▶ _Task goal_: Search the data for the word "Design" and copy every line that contains it.
++++++++++++++++++++
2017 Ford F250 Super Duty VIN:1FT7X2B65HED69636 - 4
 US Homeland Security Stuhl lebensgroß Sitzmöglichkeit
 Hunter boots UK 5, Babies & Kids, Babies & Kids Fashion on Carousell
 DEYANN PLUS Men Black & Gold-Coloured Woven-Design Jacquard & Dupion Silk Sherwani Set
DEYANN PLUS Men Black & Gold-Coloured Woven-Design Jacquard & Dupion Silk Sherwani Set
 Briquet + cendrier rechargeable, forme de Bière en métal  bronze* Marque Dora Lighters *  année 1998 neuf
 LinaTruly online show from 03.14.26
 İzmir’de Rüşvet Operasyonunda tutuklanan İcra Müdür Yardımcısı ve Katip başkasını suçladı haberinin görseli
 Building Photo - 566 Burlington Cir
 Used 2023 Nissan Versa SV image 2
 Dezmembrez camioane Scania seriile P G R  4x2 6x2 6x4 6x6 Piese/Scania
++++++++++++++++++++
▶ _Solution to this task_:
 DEYANN PLUS Men Black & Gold-Coloured Woven-Design Jacquard & Dupion Silk Sherwani Set
DEYANN PLUS Men Black & Gold-Coloured Woven-Design Jacquard & Dupion Silk Sherwani Set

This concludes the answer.